OpenAI unveiled Voice Engine, a model for generating voice from a sample - turns out it's already been heard by the masses

OpenAI presented the results of the Voice Engine, a tool for realistic voice synthesis based on a 15-second sample and text, which has been developed for about two years. But there is no public access to it - due to the company's obvious concerns about security.

"We hope to start a dialogue about the responsible use of synthetic voices and how society can adapt to these new possibilities. Based on these conversations and the results of these small tests, we will make a more informed decision on whether and how to deploy this technology on a larger scale," OpenAI's blog says.

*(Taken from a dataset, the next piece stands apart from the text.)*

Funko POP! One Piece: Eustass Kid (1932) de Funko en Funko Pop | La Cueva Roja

The generative artificial intelligence model that works with Voice Engine has been hidden in plain sight for some time. It underlies the voice and the ability to read aloud in ChatGPT, as well as pre-configured voices available in the OpenAI text-to-speech API. Spotify has also been using it since the beginning of September to dub podcasts in different languages.

The company sees several ways to apply the technology: assisting those who, for some reason, cannot read, translation, providing voice services to remote communities, supporting people with speech impairments, and aiding in voice restoration. Examples of applications with samples in several languages are also presented in the blog.

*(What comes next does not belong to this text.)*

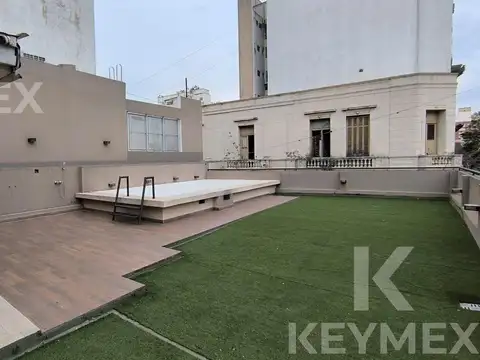 Departamento en Alquiler Temporal de Monoambiente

The website TechCrunch asked company representative Jeff Harris what materials Voice Engine was trained on. He replied that the Voice Engine model was trained on a mix of licensed and publicly available data. Details of training artificial intelligence models can be both a competitive advantage and a source of legal problems, so the lack of details is not surprising. Voice Engine uses user data extremely carefully:

"We take a small sample of audio and text and create realistic speech that matches the original speaker," Harris says. "The audio used is deleted after the request is completed."

According to the site, the price of the future service will be "biting". OpenAI removed the price of using Voice Engine from its marketing materials, but documents reviewed by TechCrunch indicate a cost of $15 per one million characters, or ~162,500 words in English. This is slightly more than Dickens' novel "Oliver Twist". This means approximately 18 hours of audio, so the price is slightly less than $1 per hour.

The cost is lower than one of the most popular competitors, ElevenLabs, - $11 for 100,000 characters per month. Interestingly, the HD quality version costs twice as much, but, as the OpenAI representative told TechCrunch, there is no difference between HD and non-HD voices - this can be understood in various ways. Also, Voice Engine does not offer controls for tone, pitch, or other voice characteristics.

The cost of a voice actor on ZipRecruiter ranges from $12 to $79 per hour - much more expensive than Voice Engine. Actors with agents receive much higher pay. There is also the issue of deepfakes. Therefore, the company is proceeding very cautiously, as with the examples of usage provided.